ACLU to Monitor Thursday's Gitmo Hearing on Omar Khadr
The ACLU will be at Guantanamo tomorrow to monitor the military commission hearing of Omar Khadr. The process so far:
Khadr, now 21, was 15 years old when he was captured by U.S. forces in Afghanistan. He is the first detainee to face a military commission since June when charges against him and a Yemeni prisoner, Salim Hamdan, were thrown out by military judges who said the commission lacked proper jurisdictional authority to prosecute them. The military judges ruled that the two defendants had not been designated “unlawful enemy combatants” as required under the Military Commission Act signed into law by President Bush in October 2006.
The U.S. government appealed the dismissal of the cases, and the newly established U.S. Court of Military Commission Review – a panel of three military officers appointed by the Pentagon – reinstated the charges in September by deciding that the military commission judges have the authority to decide whether detainees should be deemed “unlawful” enemy combatants. Despite an appeal filed by Khadr’s lawyers with the United States Court of Appeals for the District of Columbia, the military judge in Khadr’s case, Col.
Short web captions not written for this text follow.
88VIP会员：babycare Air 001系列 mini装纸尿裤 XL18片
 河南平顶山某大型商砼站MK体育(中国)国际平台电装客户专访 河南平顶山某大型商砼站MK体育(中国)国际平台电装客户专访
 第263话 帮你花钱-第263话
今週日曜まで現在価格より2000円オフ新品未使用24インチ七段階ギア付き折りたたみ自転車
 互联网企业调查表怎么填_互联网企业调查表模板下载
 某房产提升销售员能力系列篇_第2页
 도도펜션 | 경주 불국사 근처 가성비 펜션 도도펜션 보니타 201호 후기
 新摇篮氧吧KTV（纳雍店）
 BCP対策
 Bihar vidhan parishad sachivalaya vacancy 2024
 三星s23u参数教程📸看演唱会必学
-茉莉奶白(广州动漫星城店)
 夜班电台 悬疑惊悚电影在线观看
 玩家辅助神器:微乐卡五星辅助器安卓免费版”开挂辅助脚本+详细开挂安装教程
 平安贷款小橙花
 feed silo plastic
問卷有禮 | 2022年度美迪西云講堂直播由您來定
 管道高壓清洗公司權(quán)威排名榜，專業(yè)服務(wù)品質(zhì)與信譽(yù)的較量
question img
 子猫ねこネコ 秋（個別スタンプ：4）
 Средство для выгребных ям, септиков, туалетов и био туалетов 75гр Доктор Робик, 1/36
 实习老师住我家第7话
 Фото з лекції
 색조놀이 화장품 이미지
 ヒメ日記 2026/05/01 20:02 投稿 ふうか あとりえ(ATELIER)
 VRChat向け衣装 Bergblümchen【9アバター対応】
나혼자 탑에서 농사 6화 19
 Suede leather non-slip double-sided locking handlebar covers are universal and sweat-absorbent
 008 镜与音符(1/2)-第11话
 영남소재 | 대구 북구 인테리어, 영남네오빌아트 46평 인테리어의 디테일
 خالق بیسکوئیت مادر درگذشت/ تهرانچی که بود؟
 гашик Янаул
Peter Brownback, will hear the case Thursday.
Omar is a Canadian teenager and child of Jihad, captured in Afghanistan and sent to Gitmo where he alleges he was tortured.
In February, his U.S. lawyer told reporters the teenager had been used as a human mop to clean urine on the floor and had been beaten, threatened with rape and tied up for hours in painful positions at Guantanamo Bay.